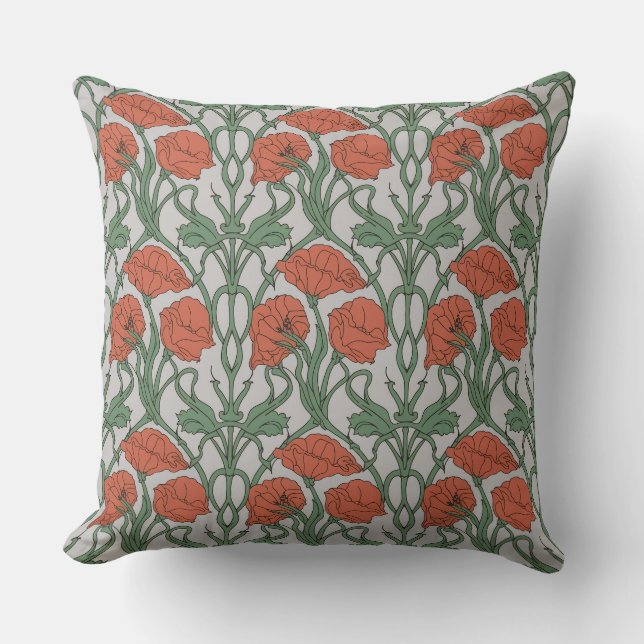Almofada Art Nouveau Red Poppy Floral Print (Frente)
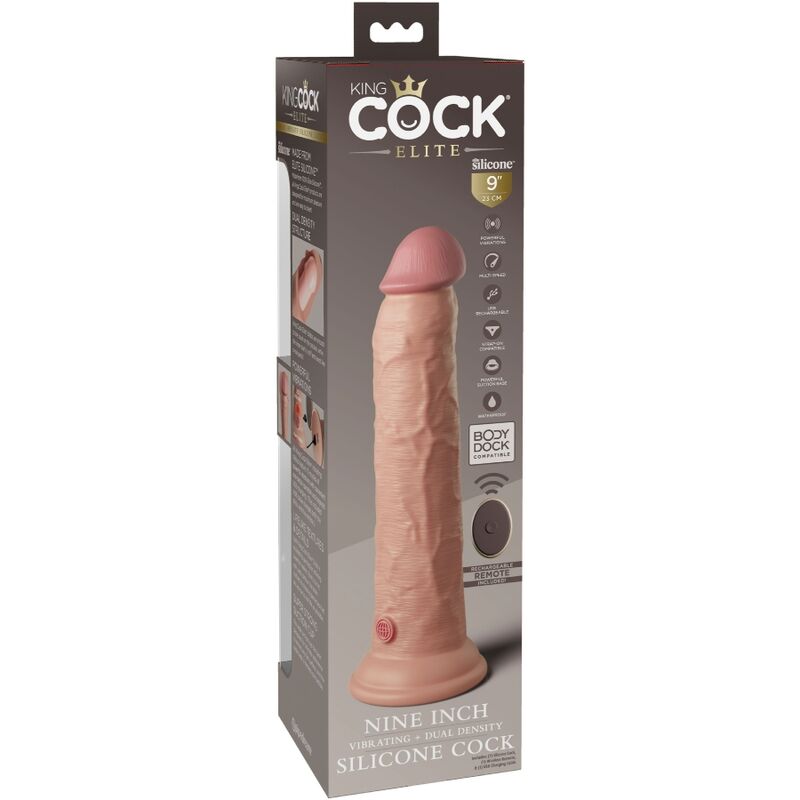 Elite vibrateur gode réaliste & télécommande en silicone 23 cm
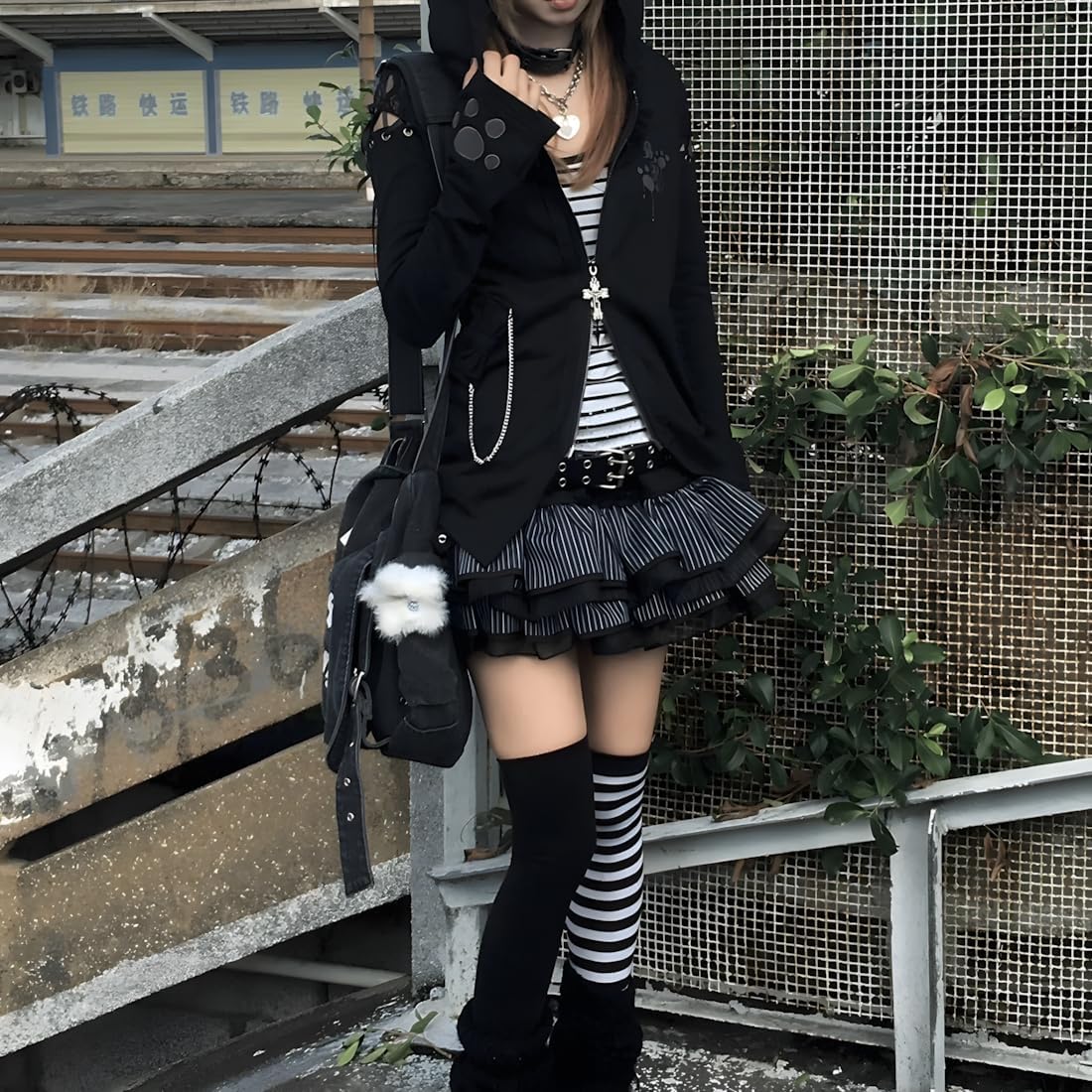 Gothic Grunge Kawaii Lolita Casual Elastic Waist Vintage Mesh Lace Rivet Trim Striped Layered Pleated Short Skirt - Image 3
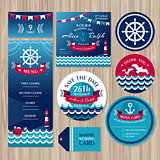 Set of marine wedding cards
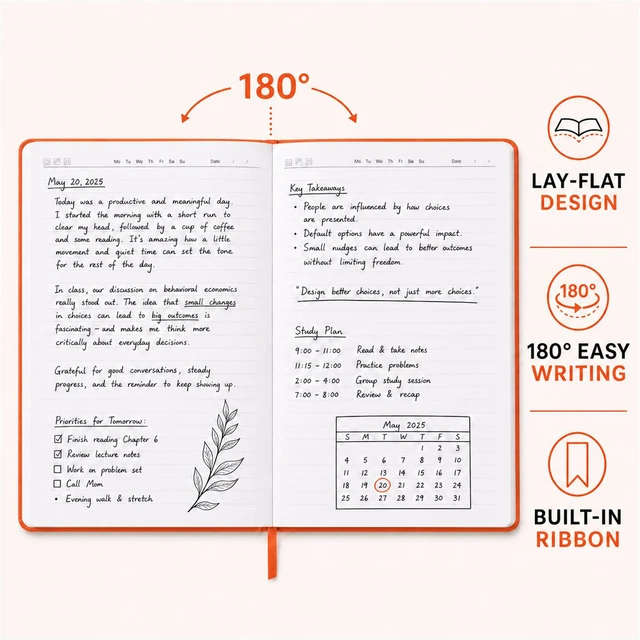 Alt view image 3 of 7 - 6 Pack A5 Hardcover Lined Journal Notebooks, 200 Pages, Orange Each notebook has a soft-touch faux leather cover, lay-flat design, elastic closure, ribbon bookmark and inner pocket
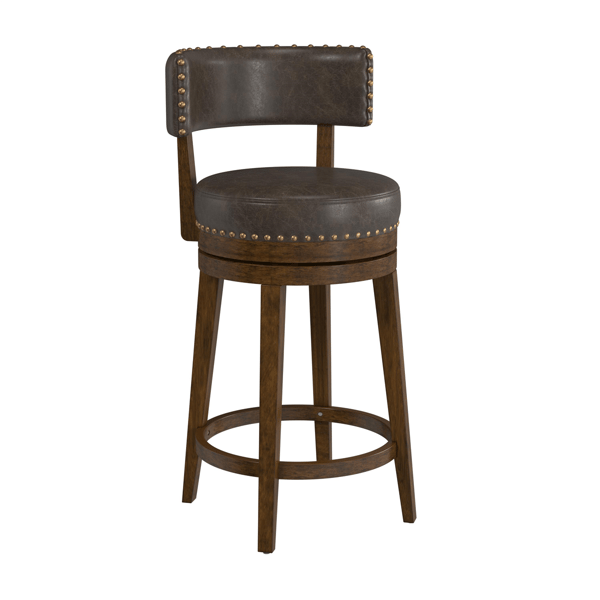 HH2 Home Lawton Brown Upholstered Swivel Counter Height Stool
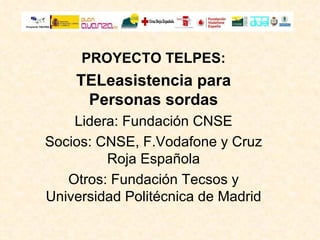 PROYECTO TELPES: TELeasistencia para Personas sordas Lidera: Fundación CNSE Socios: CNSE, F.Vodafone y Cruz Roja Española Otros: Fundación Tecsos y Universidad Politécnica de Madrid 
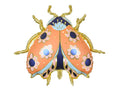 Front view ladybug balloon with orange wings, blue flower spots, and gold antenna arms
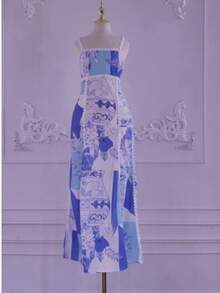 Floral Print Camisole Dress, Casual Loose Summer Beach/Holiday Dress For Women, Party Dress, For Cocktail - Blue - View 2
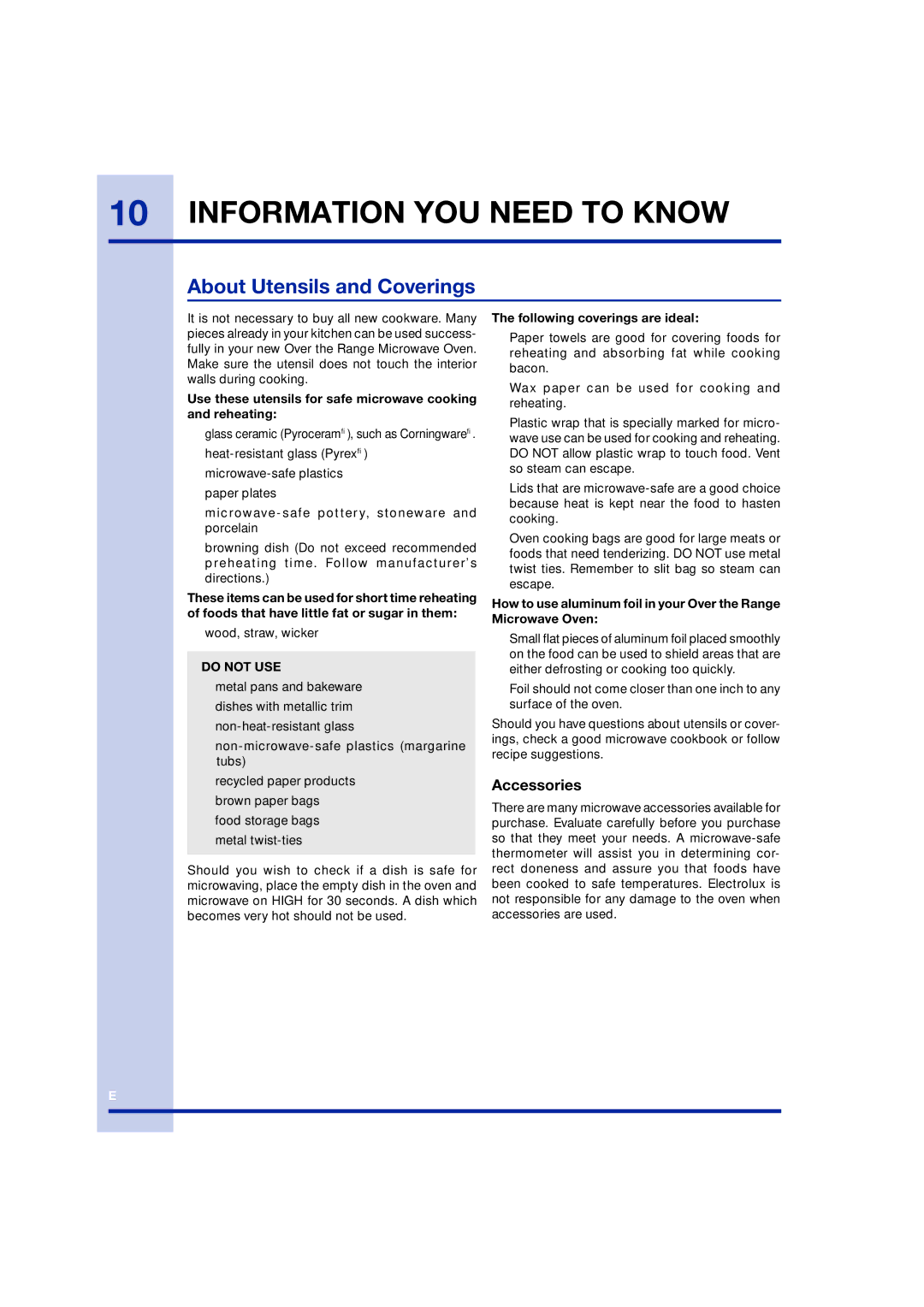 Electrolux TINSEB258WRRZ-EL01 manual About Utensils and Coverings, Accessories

--

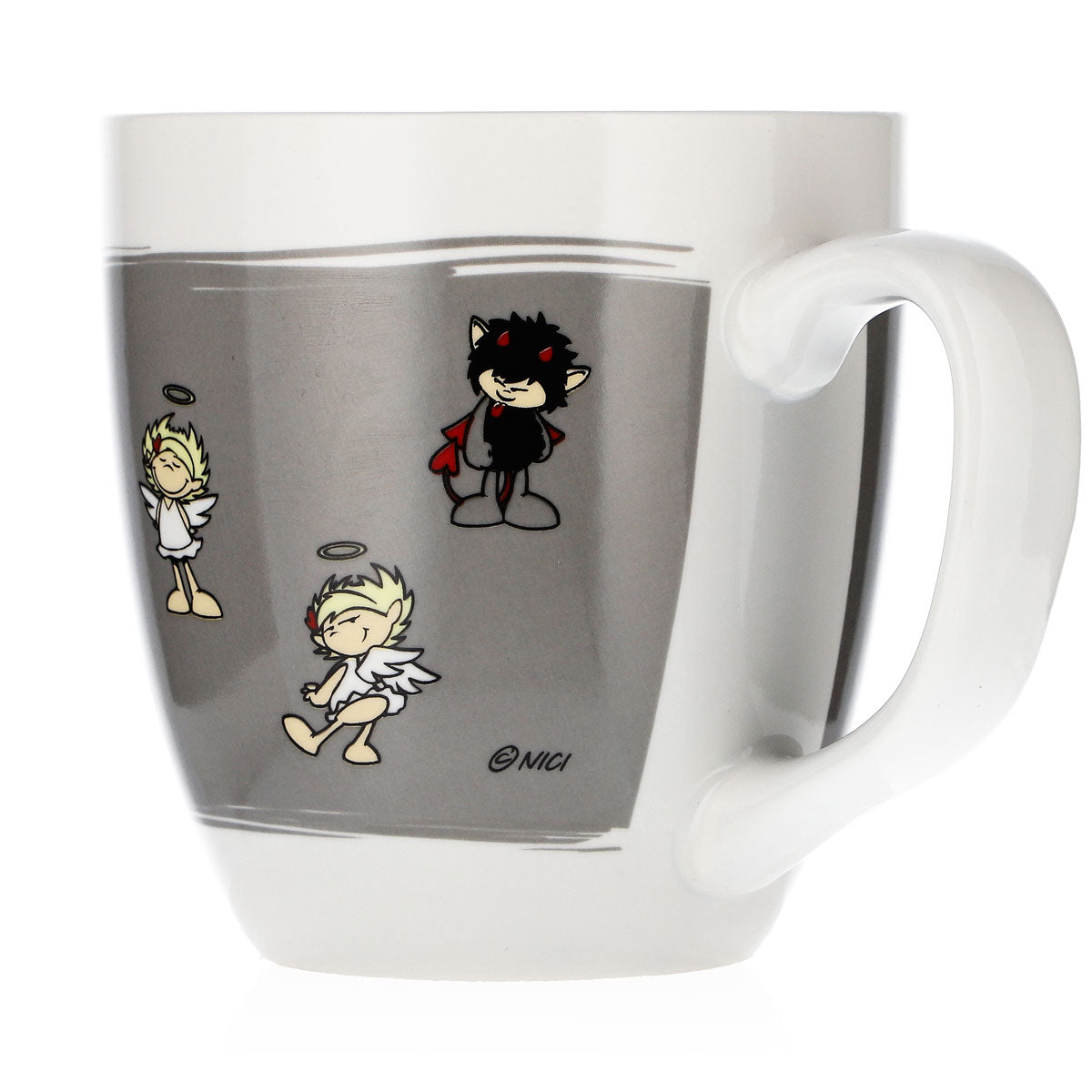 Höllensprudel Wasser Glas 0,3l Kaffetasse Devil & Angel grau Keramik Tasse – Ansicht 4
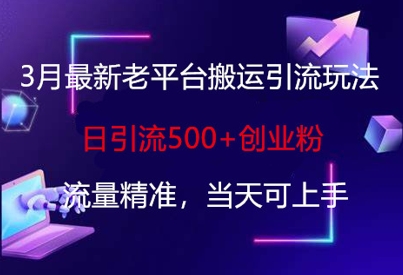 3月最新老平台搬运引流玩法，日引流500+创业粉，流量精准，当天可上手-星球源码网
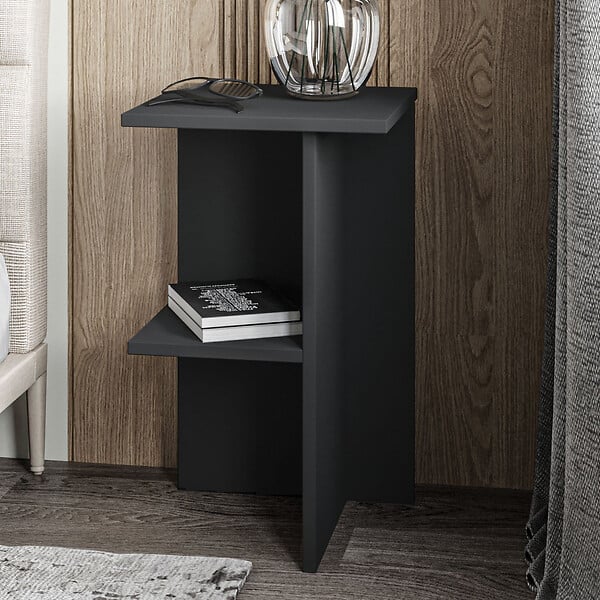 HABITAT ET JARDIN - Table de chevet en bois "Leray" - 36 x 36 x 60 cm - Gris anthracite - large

--

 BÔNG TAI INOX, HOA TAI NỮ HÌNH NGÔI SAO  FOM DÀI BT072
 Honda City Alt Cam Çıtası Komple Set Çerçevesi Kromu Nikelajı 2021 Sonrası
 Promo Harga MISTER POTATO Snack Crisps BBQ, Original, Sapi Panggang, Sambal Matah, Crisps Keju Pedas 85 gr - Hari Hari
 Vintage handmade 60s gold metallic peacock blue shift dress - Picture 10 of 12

TASK PROMPT: Above are entries with pictures among them. Write out exactly the lines from the one containing "Almofada Art Nouveau" through the one containing "Electrolux TINSEB258WRRZ-EL01 manual", ends included, and leave those pictures out.

SOLUTION TO THIS EXERCISE:
Almofada Art Nouveau Red Poppy Floral Print (Frente)
 Elite vibrateur gode réaliste & télécommande en silicone 23 cm
 Gothic Grunge Kawaii Lolita Casual Elastic Waist Vintage Mesh Lace Rivet Trim Striped Layered Pleated Short Skirt - Image 3
 Set of marine wedding cards
 Alt view image 3 of 7 - 6 Pack A5 Hardcover Lined Journal Notebooks, 200 Pages, Orange Each notebook has a soft-touch faux leather cover, lay-flat design, elastic closure, ribbon bookmark and inner pocket
 HH2 Home Lawton Brown Upholstered Swivel Counter Height Stool
 PROYECTO TELPES: TELeasistencia para Personas sordas Lidera: Fundación CNSE Socios: CNSE, F.Vodafone y Cruz Roja Española Otros: Fundación Tecsos y Universidad Politécnica de Madrid 
 Front view ladybug balloon with orange wings, blue flower spots, and gold antenna arms
 Floral Print Camisole Dress, Casual Loose Summer Beach/Holiday Dress For Women, Party Dress, For Cocktail - Blue - View 2
 Electrolux TINSEB258WRRZ-EL01 manual About Utensils and Coverings, Accessories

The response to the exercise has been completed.